» Action item:
Restate word for word each line from the one containing "Original ATS-25X1 All" through the end of the material, and nothing more. Drop every picture.

» Data shown:
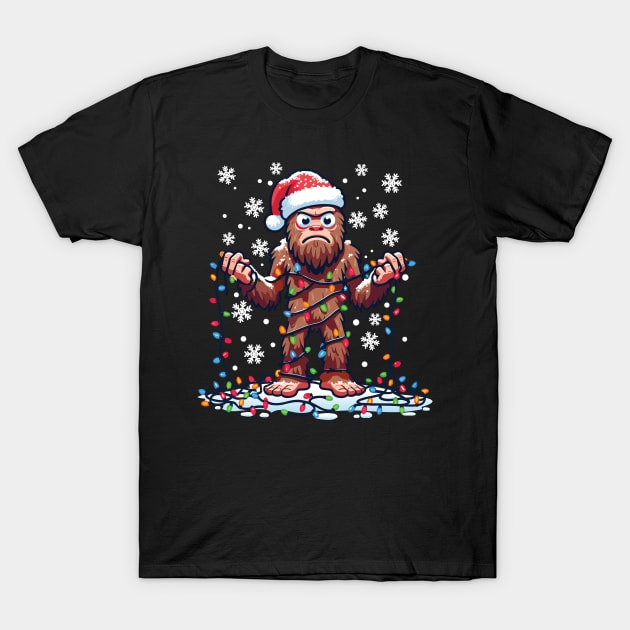Funny Bigfoot Santa Christmas Lights Mishap T-Shirt by Graphic Duster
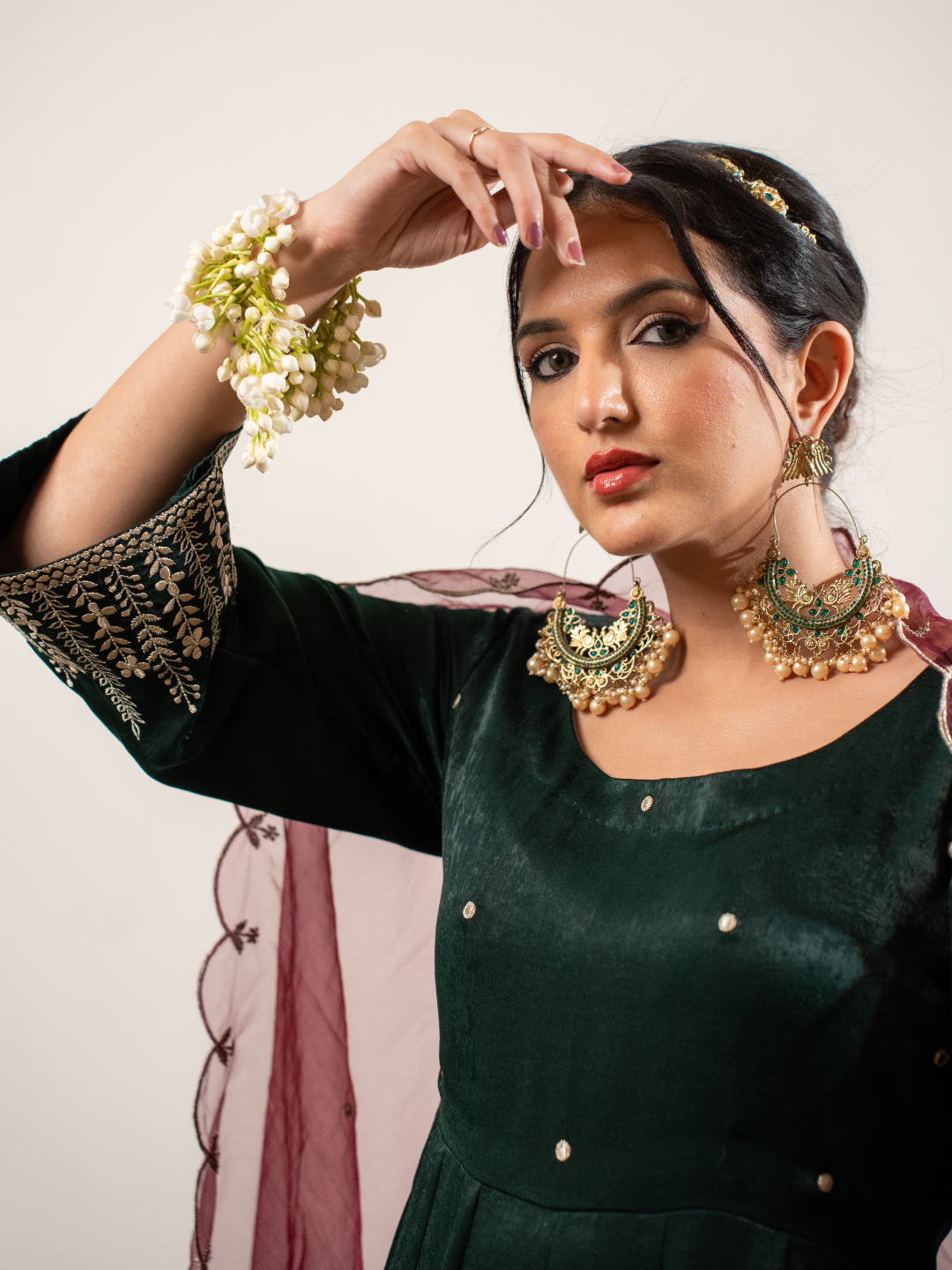 Velvet Satin Green Anarkali With Dupatta And Pants - Image 5
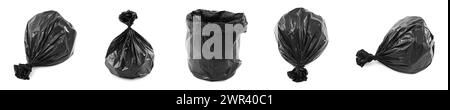 Schwarze Plastikmüllsäcke isoliert auf weiß, Set Stockfoto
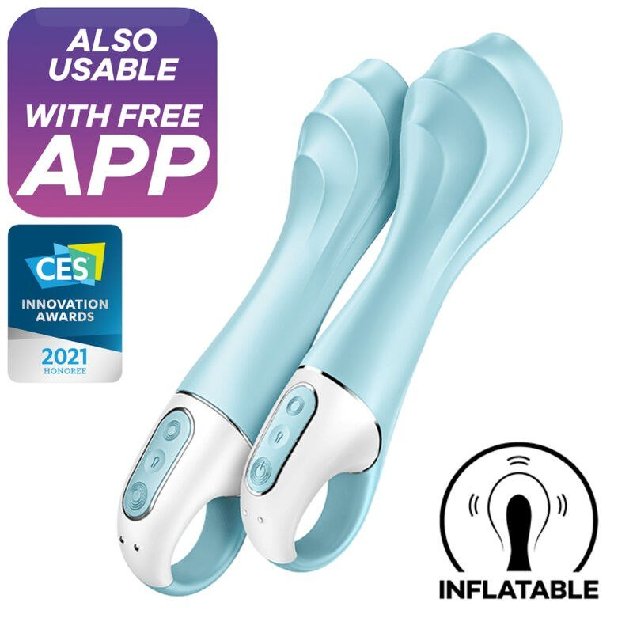 Satisfyer Air Pump Vibrator 5+ Vibrador Ponto G Insuflável APP Azul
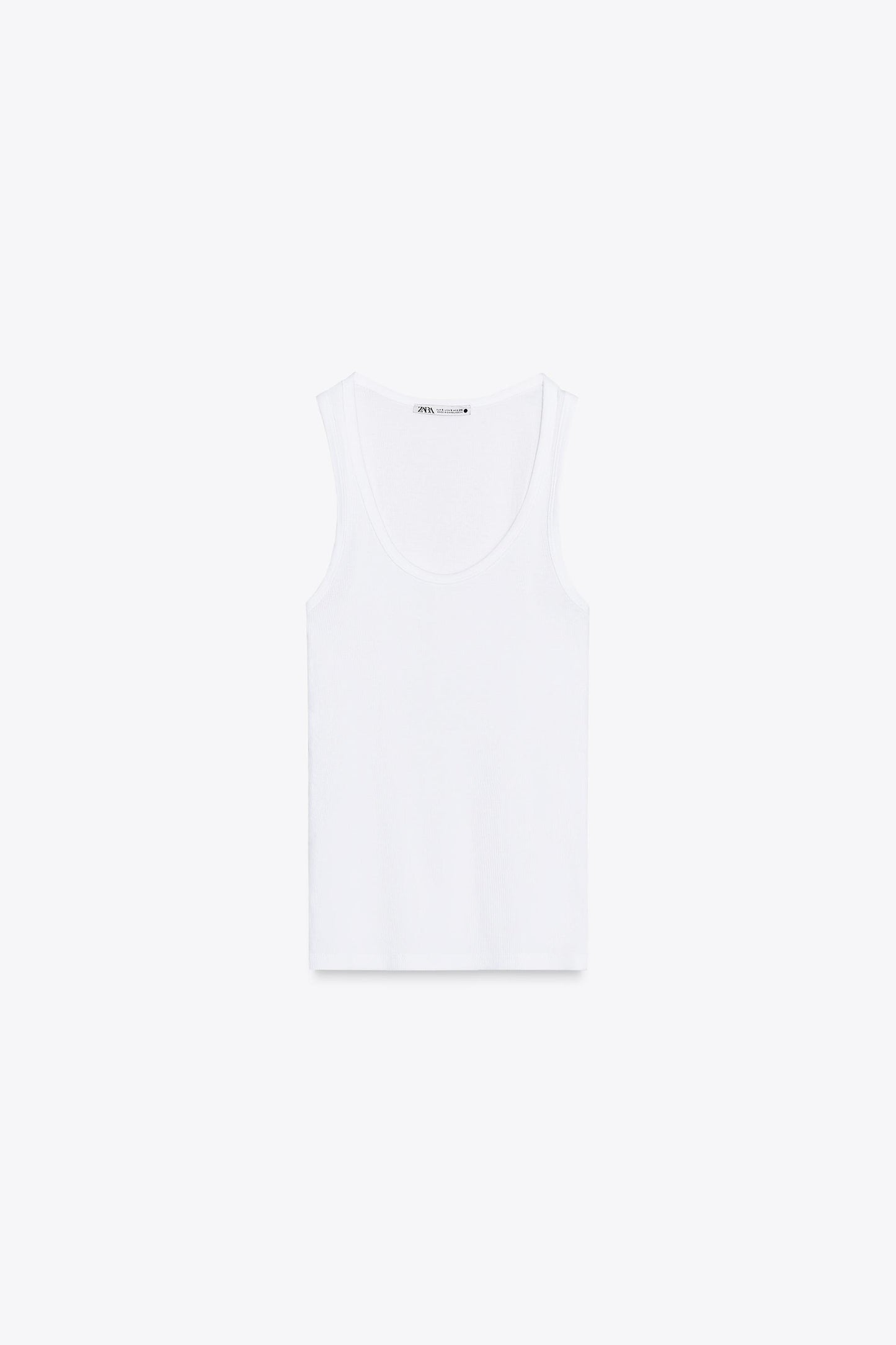SLEEVELESS RIBBED COTTON T-SHIRT size XS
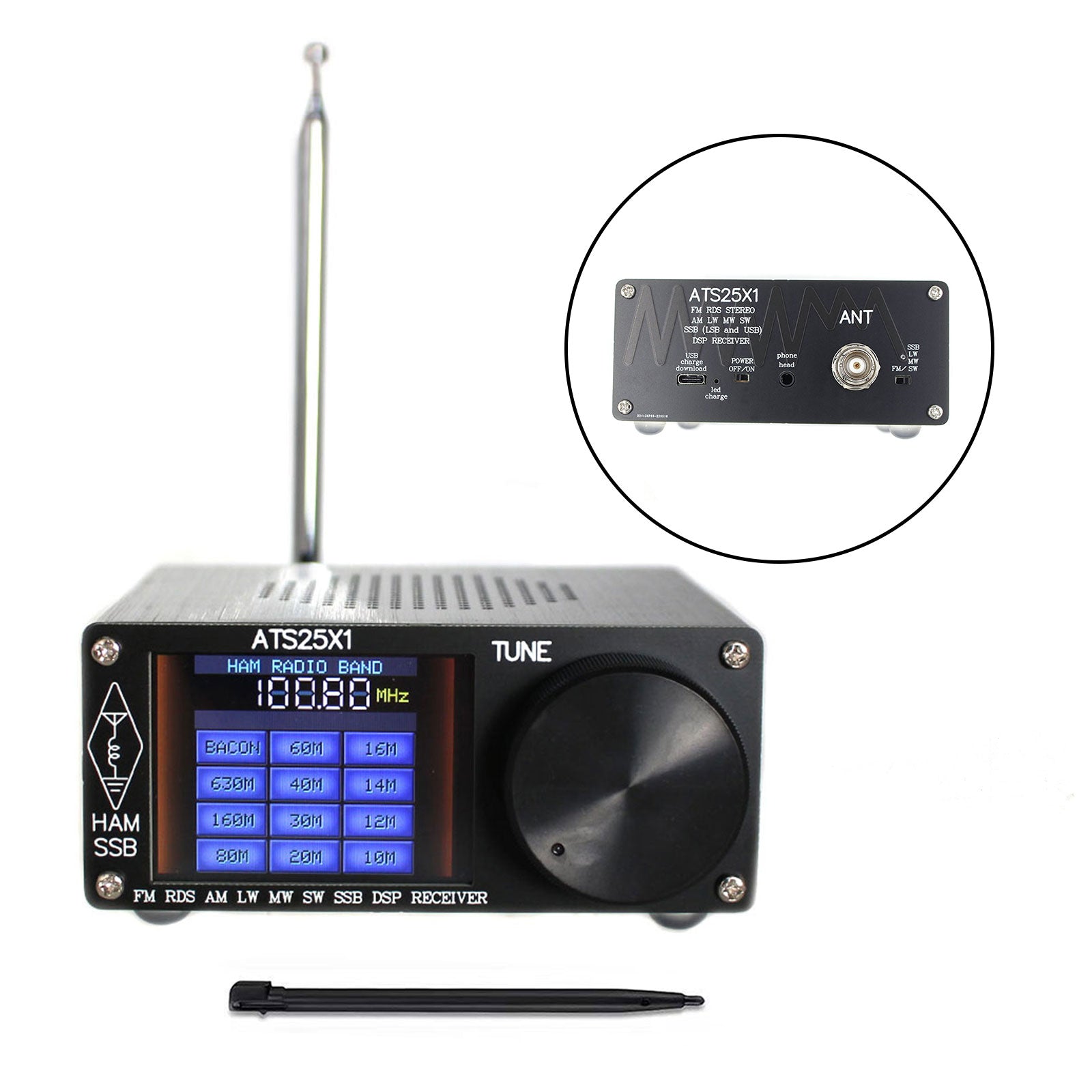 Original ATS-25X1 All Band DSP Radio Receiver FM LW MW SW With 2.4" Touch Screen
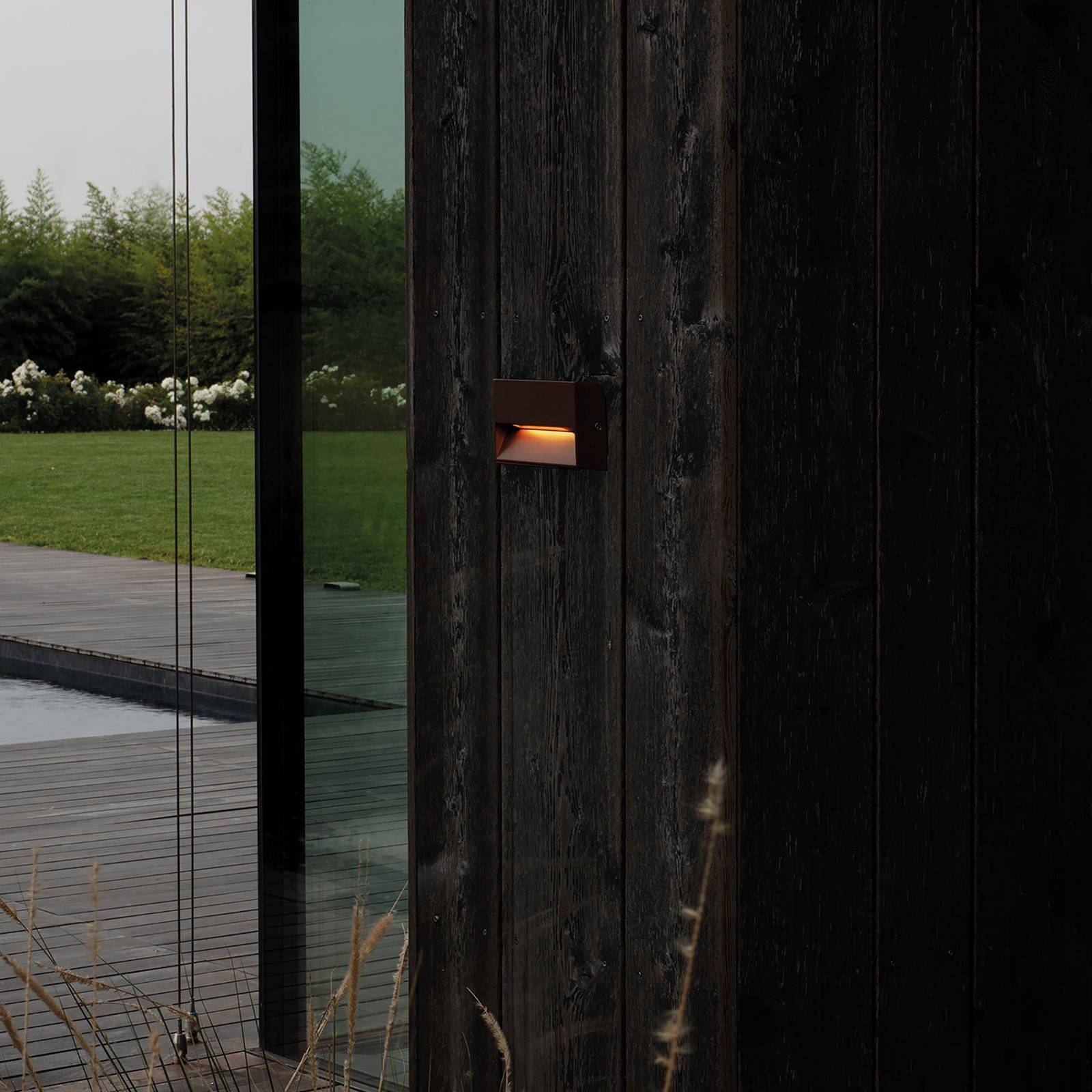 Ideallux Ideal Lux kinkiet zewnętrzny LED Dedra, brązowy, 10 x 6,5 cm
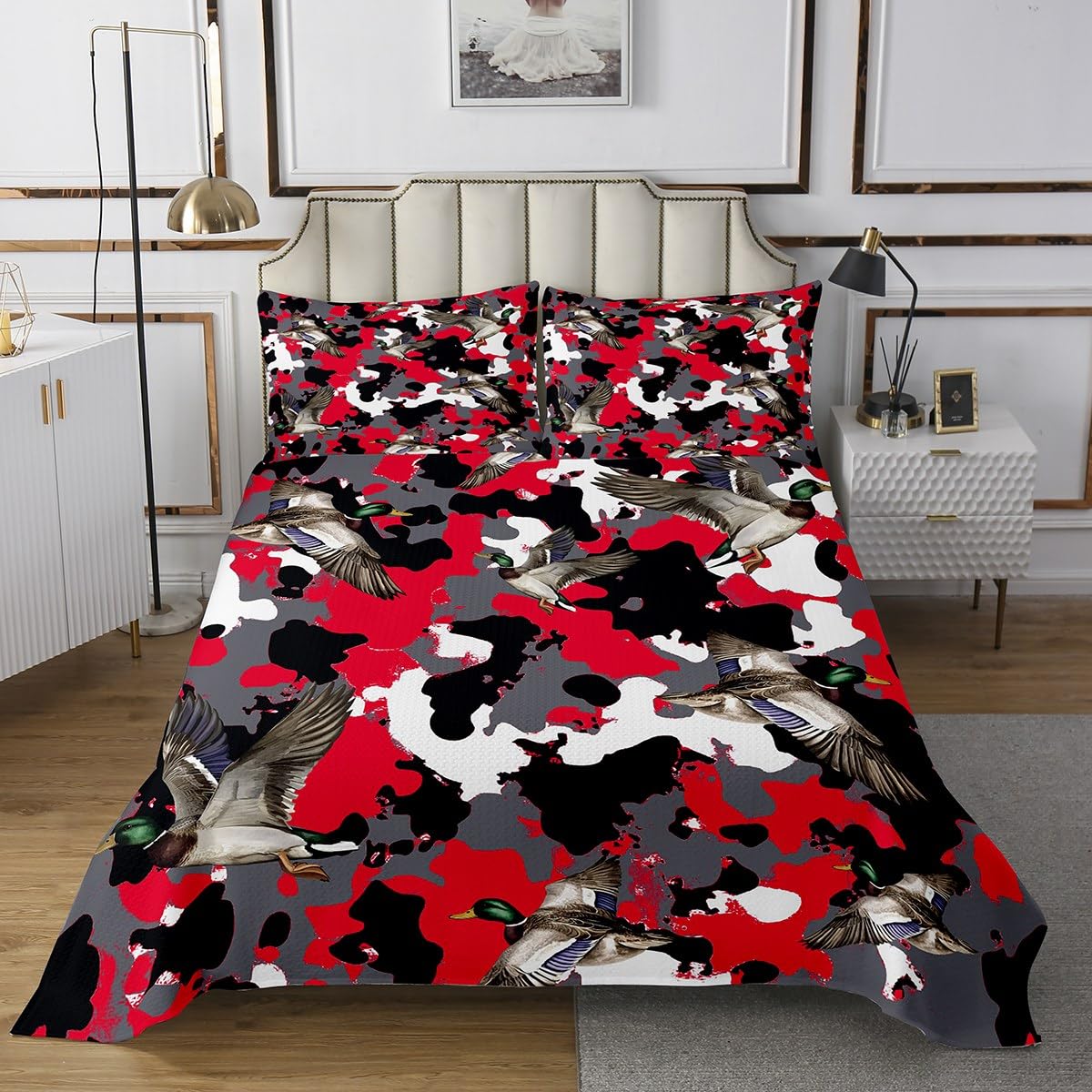 jejeloiu Red Mallard Duck Coverlet Set Queen Size Kids Wild Duck Hunting Quilted Coverlet for Boys Girls Teens Camouflage Camo Military Style Hunting Wild Animal Bedspread Room Decor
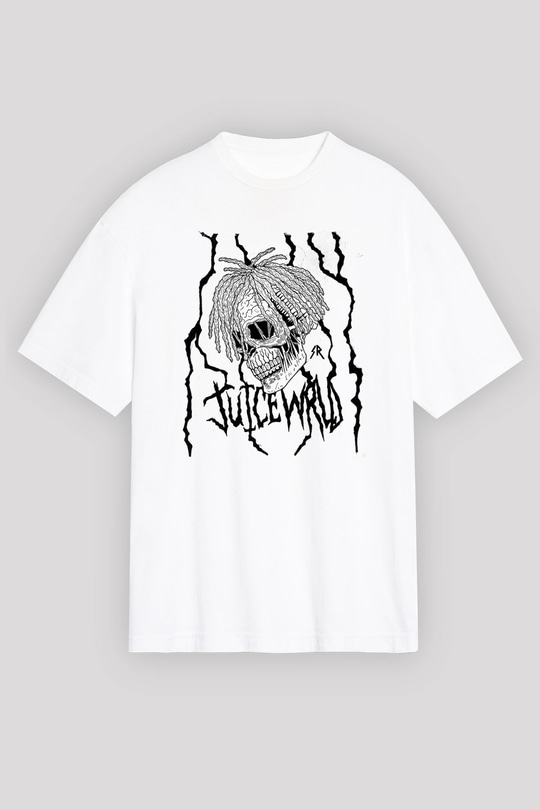 Juice Wrld Baskılı Beyaz Unisex Oversize Tişört - Tshirt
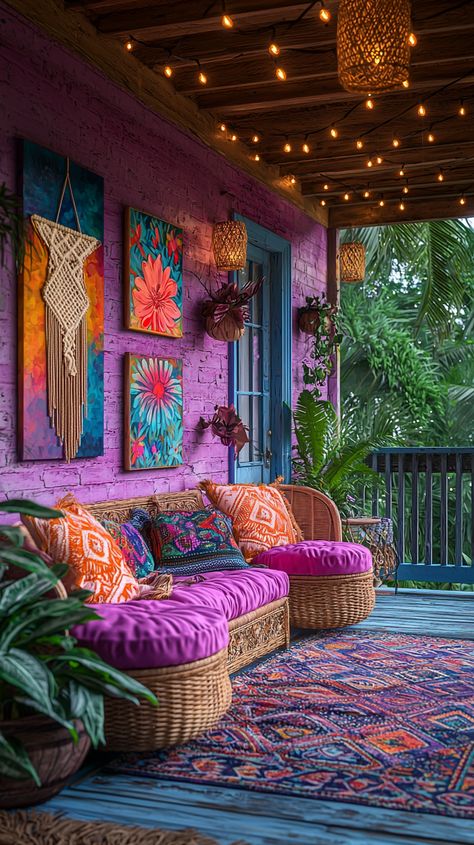 Bohemian Porch Ideas: Vibrant Art, Rattan Furniture & Macrame Decor Hippie Porch Ideas, Boho Porch Ideas, Bohemian Porch, Intricate Macrame, Cozy Home Office, Cyberpunk Aesthetic, Colorful Abstract Painting, Cat Art Print, Chic Bedroom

» Response area:
 Original ATS-25X1 All Band DSP Radio Receiver FM LW MW SW With 2.4" Touch Screen
 Ideallux Ideal Lux kinkiet zewnętrzny LED Dedra, brązowy, 10 x 6,5 cm
 jejeloiu Red Mallard Duck Coverlet Set Queen Size Kids Wild Duck Hunting Quilted Coverlet for Boys Girls Teens Camouflage Camo Military Style Hunting Wild Animal Bedspread Room Decor
 Juice Wrld Baskılı Beyaz Unisex Oversize Tişört - Tshirt
 Bohemian Porch Ideas: Vibrant Art, Rattan Furniture & Macrame Decor Hippie Porch Ideas, Boho Porch Ideas, Bohemian Porch, Intricate Macrame, Cozy Home Office, Cyberpunk Aesthetic, Colorful Abstract Painting, Cat Art Print, Chic Bedroom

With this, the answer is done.